PyTorch Release 18.09

The NVIDIA container image of PyTorch, release 18.09, is available.

Contents of PyTorch

This container image contains the complete source of the version of PyTorch in /opt/pytorch. It is pre-built and installed in the pytorch-py3.6 Conda™ environment in the container image.

The container also includes the following:

Ubuntu 16.04 including Python 3.6 environment
NVIDIA CUDA 10.0.130 including CUDA^® Basic Linear Algebra Subroutines library™ (cuBLAS) 10.0.130
NVIDIA CUDA^® Deep Neural Network library™ (cuDNN) 7.3.0
NCCL 2.3.4 (optimized for NVLink™ )
Caffe2
TensorRT 5.0.0 RC
DALI 0.2 Beta
Tensor Core Optimized Examples:
- ResNet50 v1.5
- GNMT v2

Driver Requirements

Release 18.09 is based on CUDA 10, which requires NVIDIA Driver release 410.xx. However, if you are running on Tesla (Tesla V100, Tesla P4, Tesla P40, or Tesla P100), you may use NVIDIA driver release 384. For more information, see CUDA Compatibility and Upgrades.

Key Features and Enhancements

This PyTorch release includes the following key features and enhancements.
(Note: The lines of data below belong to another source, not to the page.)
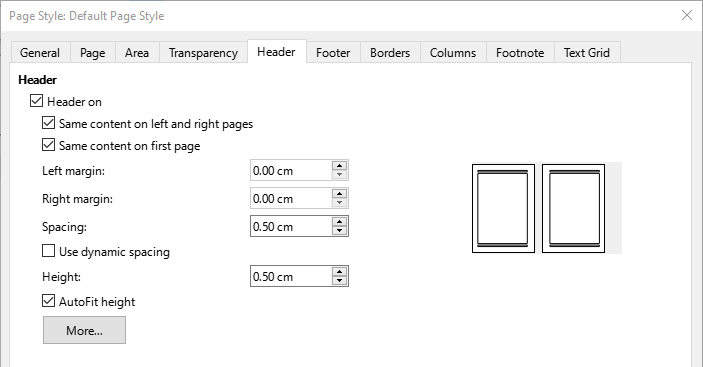 Page Style dialog, Header tab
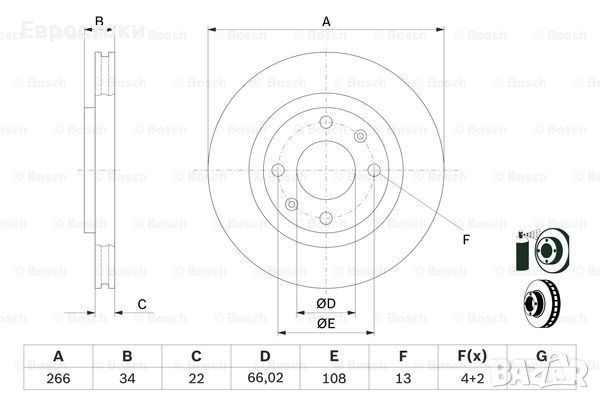 BOSCH 0 986 478 618 Спирачен диск Съвместимост с леки автомобили:  CITROEN DS OPEL PEUGEOT VAUXHALL, снимка 4 - Части - 46228133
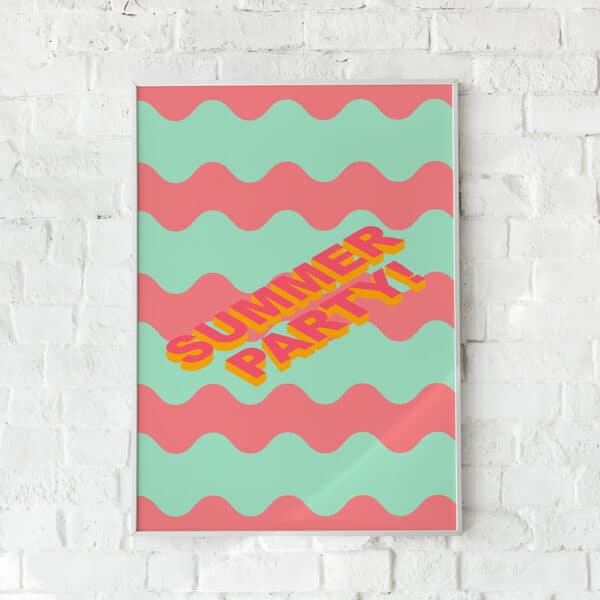 Retro-inspireret plakat med bølgende linjer og levende farver.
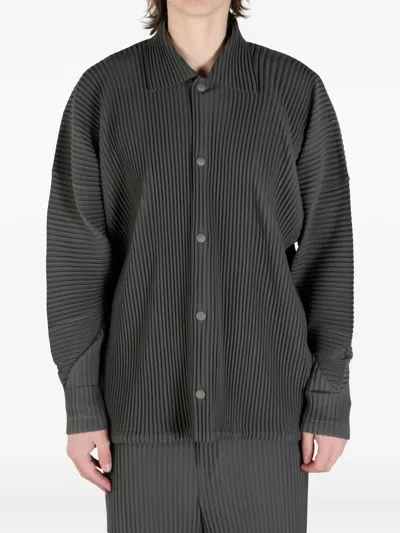 Issey Miyake Pleated Drawstring Collar Jacket In Grey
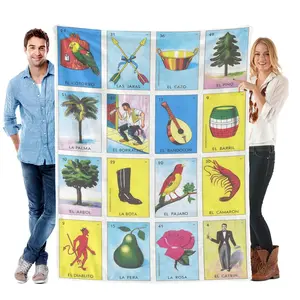 1 piece of Mexican Loteria Card-themed quilted Flannel Throw Blanket Soft Funny Throw Blanket Cozy Lightweight Plush Portable Cover Blanket For Sofa,Warm Gift For Birthday,Christmas,Multiple Blankets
PyTorch container image version 18.09 is based on PyTorch 0.4.1+. PyTorch 0.4.1 is released and included with this container.
Latest version of cuDNN 7.3.0.
Latest version of CUDA 10.0.130 which includes support for DGX-2, Turing, and Jetson Xavier.
Latest version of cuBLAS 10.0.130.
Latest version of NCCL 2.3.4.
Latest version of TensorRT 5.0.0 RC.

Note:

All 18.09 containers inherit TensorRT 5.0.0 RC from the base container, however, some containers may not use TensorRT if there is no support for TensorRT in the given framework.
An implementation of ResNet50. The ResNet50 v1.5 model is a modified version of the original ResNet50 v1 model.
Stream pool: PyTorch now uses per GPU stream pools behind the scenes. This means that CUDA streams are created when first used on a GPU and destroyed on exit. As a result, networks that use multiple streams may see the same stream used repeatedly in their profiles, and networks that retain streams for long periods may accidentally schedule parallelizable work to the same stream. It’s recommended that streams be acquired, used, and released as needed.
Reliability: Some cases where a dataloader could hang if shutdown during its iteration has been fixed.
Fusion: Tensor and constant scalar operations, like add(t, 1), and chunk operations are now fusable.
Performance improvements: dropout, 1x1 convolutions for NCHW, and weightnorm should be faster in a majority of scenarios.
Latest version of DALI 0.2 Beta
Ubuntu 16.04 with August 2018 updates

Tensor Core Examples

An implementation of ResNet50. The ResNet50 v1.5 model is a modified version of the original ResNet50 v1 model.
An implementation of GNMT v2. The GNMT v2 model is similar to the one discussed in the Google's Neural Machine Translation System: Bridging the Gap between Human and Machine Translation paper.

Known Issues

The DALI integrated ResNet-50 samples in the 18.09 NGC TensorFlow and PyTorch containers may result in lower than expected performance results. We are working to address the issue in the next release.
There is a chance that PyTorch will hang on exit when running multi-gpu training. This hang does not affect any results of the run; however, the process will have to be terminated manually.